Representative Marsha Blackburn, the Republican of Tennessee who recently advised her own party to put a woman on the ticket in 2016, says that when she's talked down to, or called "sweetie", she tries to deal with it "with humour instead of getting upset" because it is simply a fact of life. "Sometimes it makes men feel good not to treat you as an equal," she said. "I take delight in proving them wrong."
Some conservatives, though, worry that being a woman also gives Clinton an unfair advantage. Wall Street Journal columnist and editorial board member Mary Anastasia O'Grady recently called gender her "biggest asset, for sure, because there are just so many women voters who will vote for her solely for that reason, I'm afraid".
Supporters of Clinton, or any other candidate, for that matter, would surely not see their vote as "solely" awarded on that basis.
In a recent Bloomberg poll, 12 per cent of respondents asked about the idea of electing the first female President said they'd be more inclined to vote for a candidate on that basis, while 4 per cent said they'd be less inclined.
Neda Moyer, a Republican voter in Virginia, says she's been arguing with her Clinton-supporting sister, who is a Democrat, over whether "making history" in the 2016 presidential contest matters: "I don't understand that thinking," said Moyer, an executive assistant in her 50s. "Would it be cool to have a woman in office? Absolutely, but I care a lot more about what you're going to do."
As Clinton begins laying out her plans if elected, what is it like today for her and other women on the stump? Representative Terri Sewell, the Alabama Democrat, recalls interviewing the pioneering New York congresswoman and presidential candidate Shirley Chisholm for her senior Princeton thesis in 1986. When she asked whether it had been harder running as an African American or as a woman, Chisholm said the latter was "unequivocally" more challenging. And in Sewell's own experience, "that's as true today as it was when she told me that 30 years ago".

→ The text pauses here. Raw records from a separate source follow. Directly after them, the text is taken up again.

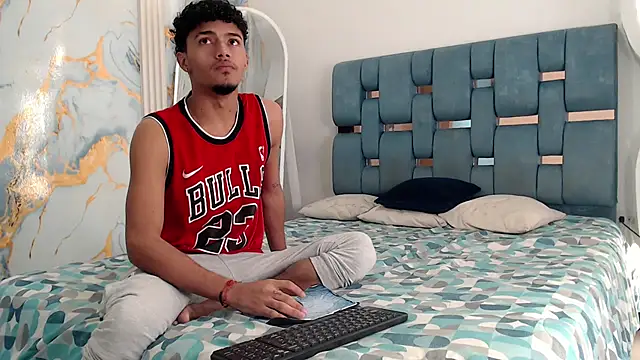 DIAMOND BLACKS online show from 04-16-26, 07:20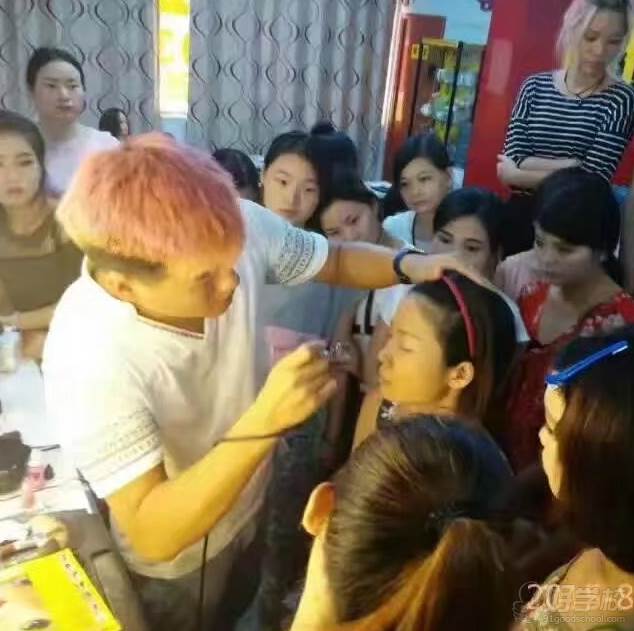 丽人丽妆：公司在美妆开云体育- 开云体育官方网站- 开云体育APP 最新2025细分领域持续培育有增长潜力的品牌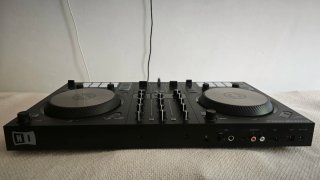 Traktor Kontrol S2 Mk3 con licencia + Mochila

Kristen Hayes, a children's environmental health advocate who unsuccessfully ran for a seat in the Pennsylvania legislature last year, describes her experience as educational in ways she never expected: "I'd hear, 'Oh, good for you, sweetie'. Or 'I like your hair. I like your necklace'. Or 'You're too pretty to be a Democrat'. Or they'd ask me out - publicly, as I was trying to talk! I was like, 'Seriously? We have no infrastructure and potholes bigger than third-world countries and you're going to ask me if I want to go out'?"
Her biggest hurdle, though, she says, came from women in her own party over her opposition to abortion rights. So, the day after the election, she switched her registration to Republican. It's hard to imagine anyone daring to call Hillary Clinton "sweetie" - and if they did, it would surely backfire. Yet apparently, there is still a market for T-shirts that say, "Iron my shirt!" in honour of the young men who yelled that at Clinton during her last campaign.
Former House Speaker Nancy Pelosi, who has been portrayed in attack ads as a dog, a witch and a monster, says that what she stresses to first-time female candidates is that they have to have enormous confidence in themselves, along with commitment and clarity of purpose: "What I tell women is, 'This is not for the faint of heart ... You have to believe in who you are and what difference you can make ... And that's not to be egotistical, it's just to be confident."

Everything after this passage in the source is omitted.